La vicenda artistica e umana di Carlo Cherubini non è di facile comprensione e
si può riassumere in pochi punti: partecipa, a soli diciassette anni, alla sua
prima Biennale, giunge all'apice del successo con la gloriosa esperienza
parigina d'inizio Novecento e termina con il "soliloquio pittorico" del secondo
dopoguerra.
Sebbene sino ad oggi le iniziative per stimolare la riscoperta della sua arte
siano state del tutto assenti, le sue opere sono reperibili costantemente sul
mercato internazionale a dimostrazione dell'amore e dell'interesse per la sua
pittura.
Un innato senso pittorico lo portò a dipingere giovanissimo, sostenuto
favorevolmente dal padre Giuseppe, celebre pittore e decoratore.

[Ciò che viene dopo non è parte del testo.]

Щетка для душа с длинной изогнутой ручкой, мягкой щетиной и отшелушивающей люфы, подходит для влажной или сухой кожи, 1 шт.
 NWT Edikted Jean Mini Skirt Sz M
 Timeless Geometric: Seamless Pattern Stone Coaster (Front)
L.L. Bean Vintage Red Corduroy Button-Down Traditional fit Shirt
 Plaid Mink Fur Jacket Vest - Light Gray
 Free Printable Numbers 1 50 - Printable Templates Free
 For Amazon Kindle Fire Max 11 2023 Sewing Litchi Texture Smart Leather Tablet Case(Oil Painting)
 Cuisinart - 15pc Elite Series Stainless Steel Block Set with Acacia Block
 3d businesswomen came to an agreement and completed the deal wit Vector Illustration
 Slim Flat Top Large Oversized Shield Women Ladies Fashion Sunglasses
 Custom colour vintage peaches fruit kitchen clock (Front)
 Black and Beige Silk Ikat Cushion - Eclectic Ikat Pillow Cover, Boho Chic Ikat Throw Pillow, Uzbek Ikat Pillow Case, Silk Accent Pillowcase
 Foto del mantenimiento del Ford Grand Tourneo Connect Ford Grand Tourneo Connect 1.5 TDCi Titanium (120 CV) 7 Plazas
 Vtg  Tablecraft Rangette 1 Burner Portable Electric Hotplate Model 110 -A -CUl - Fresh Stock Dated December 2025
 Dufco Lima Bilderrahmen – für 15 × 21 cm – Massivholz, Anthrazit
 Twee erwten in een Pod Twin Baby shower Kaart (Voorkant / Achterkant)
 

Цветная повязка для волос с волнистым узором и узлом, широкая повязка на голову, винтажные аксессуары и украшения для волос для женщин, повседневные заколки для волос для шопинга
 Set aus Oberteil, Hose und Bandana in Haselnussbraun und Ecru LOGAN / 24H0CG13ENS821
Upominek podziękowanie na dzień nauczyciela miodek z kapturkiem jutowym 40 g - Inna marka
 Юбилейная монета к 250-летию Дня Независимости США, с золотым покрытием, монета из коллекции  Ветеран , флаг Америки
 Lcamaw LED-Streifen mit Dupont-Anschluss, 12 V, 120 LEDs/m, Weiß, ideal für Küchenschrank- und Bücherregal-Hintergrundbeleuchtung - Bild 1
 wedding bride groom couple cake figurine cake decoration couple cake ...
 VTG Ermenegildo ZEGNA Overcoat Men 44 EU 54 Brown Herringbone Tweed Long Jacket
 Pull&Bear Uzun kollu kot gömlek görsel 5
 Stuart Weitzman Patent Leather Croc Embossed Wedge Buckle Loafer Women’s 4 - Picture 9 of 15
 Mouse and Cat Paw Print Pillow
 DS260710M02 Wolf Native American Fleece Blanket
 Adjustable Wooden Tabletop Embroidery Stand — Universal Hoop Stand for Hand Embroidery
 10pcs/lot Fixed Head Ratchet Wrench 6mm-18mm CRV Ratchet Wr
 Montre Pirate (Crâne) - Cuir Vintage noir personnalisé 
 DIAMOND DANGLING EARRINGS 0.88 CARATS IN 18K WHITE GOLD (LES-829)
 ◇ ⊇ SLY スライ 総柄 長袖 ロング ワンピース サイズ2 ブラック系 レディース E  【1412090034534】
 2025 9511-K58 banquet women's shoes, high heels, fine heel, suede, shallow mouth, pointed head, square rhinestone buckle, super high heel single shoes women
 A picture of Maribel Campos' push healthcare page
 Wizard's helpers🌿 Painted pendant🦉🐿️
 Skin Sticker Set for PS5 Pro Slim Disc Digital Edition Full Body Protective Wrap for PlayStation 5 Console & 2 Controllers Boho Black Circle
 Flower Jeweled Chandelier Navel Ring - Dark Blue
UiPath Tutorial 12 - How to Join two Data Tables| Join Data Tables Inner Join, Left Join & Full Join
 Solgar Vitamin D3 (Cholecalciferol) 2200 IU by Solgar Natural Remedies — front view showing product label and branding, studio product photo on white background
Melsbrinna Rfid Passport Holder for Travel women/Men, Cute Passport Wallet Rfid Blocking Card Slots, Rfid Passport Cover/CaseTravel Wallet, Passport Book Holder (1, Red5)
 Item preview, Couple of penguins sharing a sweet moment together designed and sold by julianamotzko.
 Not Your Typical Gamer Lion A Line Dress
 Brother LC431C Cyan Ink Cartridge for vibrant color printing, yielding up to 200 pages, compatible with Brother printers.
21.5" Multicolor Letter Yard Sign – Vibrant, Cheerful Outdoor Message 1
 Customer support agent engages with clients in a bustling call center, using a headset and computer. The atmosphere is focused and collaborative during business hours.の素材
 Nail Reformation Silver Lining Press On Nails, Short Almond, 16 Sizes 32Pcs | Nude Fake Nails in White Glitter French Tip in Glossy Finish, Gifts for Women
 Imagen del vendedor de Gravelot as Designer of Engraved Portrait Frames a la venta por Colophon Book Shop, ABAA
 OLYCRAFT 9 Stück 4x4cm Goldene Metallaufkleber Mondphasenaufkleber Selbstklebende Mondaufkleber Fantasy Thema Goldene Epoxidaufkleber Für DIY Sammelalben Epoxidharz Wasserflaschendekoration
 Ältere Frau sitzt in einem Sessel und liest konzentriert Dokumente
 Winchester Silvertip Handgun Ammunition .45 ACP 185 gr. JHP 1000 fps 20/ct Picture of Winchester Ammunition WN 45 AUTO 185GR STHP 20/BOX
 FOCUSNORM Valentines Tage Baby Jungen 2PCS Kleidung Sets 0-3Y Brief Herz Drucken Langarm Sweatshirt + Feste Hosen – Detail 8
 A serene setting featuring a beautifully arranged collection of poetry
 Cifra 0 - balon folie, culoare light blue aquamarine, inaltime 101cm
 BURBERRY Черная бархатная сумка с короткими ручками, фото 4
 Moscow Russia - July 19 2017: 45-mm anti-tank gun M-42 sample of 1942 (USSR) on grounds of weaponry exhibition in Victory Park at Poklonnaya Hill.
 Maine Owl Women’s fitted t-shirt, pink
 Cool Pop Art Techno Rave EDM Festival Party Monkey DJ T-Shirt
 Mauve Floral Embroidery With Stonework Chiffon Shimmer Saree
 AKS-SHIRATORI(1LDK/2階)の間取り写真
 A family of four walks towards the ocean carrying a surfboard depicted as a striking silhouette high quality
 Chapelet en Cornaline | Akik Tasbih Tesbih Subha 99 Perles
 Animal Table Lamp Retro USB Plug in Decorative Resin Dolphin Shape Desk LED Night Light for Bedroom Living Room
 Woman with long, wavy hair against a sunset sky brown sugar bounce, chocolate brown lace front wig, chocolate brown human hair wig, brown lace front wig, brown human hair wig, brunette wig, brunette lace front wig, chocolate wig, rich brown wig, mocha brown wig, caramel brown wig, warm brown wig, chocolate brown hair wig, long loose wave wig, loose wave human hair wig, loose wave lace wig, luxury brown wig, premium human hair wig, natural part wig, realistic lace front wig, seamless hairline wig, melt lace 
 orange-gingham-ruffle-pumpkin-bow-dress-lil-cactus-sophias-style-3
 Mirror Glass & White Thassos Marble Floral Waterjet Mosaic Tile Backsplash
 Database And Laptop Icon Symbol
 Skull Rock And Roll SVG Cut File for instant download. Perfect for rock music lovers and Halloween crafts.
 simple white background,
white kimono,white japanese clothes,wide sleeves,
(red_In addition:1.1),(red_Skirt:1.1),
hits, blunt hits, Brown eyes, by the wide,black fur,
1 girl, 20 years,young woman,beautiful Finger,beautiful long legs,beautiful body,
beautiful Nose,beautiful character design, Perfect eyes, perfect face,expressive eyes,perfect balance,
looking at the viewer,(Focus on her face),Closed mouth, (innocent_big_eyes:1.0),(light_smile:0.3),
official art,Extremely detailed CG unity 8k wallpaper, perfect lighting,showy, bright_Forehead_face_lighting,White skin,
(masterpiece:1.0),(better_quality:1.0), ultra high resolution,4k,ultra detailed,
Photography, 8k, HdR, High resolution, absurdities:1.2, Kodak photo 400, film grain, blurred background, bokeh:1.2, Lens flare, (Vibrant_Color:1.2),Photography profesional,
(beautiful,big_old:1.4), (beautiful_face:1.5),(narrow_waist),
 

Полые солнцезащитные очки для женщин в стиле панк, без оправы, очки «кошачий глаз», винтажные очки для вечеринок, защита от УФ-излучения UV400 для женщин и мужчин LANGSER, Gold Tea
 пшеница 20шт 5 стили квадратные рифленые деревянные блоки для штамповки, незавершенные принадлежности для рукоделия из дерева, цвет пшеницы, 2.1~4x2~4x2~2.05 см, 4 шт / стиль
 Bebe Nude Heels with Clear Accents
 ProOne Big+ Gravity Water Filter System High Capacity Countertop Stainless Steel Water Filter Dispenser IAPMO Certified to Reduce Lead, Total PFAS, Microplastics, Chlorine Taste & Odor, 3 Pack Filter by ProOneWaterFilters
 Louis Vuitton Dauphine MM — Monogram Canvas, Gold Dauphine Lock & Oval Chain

Le sue prime opere fanno emergere un'indubbia qualità pittorica, ma evidenziano,
contemporaneamente, un nervosismo tecnico e una forte tensione cromatica; si
coglie in esse tutta l'esuberanza giovanile e il frutto di letture esoteriche.
Una tesi, tuttora viva, sostiene che il padre Giuseppe facilitò la strada, nel
mondo dell'arte, al giovane Carlo. Pur sospettando che le sue prime
esposizioni siano state frutto dell'influenza paterna, più che del reale
valore artistico, è altrettanto vero che questo orientamento mal si concilia con
il successo che Carlo Cherubini ebbe a Parigi negli anni venti. La verità dunque
è che Giuseppe, da buon padre e da artista di grande esperienza, cogliendo le
indubbie qualità del figlio, incitò e facilitò l'espressione artistica di
Carlo.
Arrivato a Parigi, Carlo trova quel palcoscenico e quell'humus culturale che la
condizione di emarginazione provinciale di Venezia, si pensi alle dolorose
vicissitudini di Cà Pesaro e di molti suoi artisti, certo non poteva
concedergli.
La capitale francese in quegli anni era il fervente epicentro culturale mondiale
in cui tutte le tesi e le teorie artistiche trovavano casa ed espressione; in
questo luogo pervaso di modernità e attraversato da ogni avanguardia, sale alla
ribalta artistica Carlo Cherubini, che l'entusiasta critica locale saluta come
il nuovo testimone della grande pittura veneziana, degno erede di Tiziano e
Veronese.
Di contro, Parigi e la cultura francese influenzeranno Carlo Cherubini, tant'è
che la sua pittura rappresenta una splendida sintesi tra il colorismo veneto e
alcune espressioni pittoriche dell'arte francese del XX secolo.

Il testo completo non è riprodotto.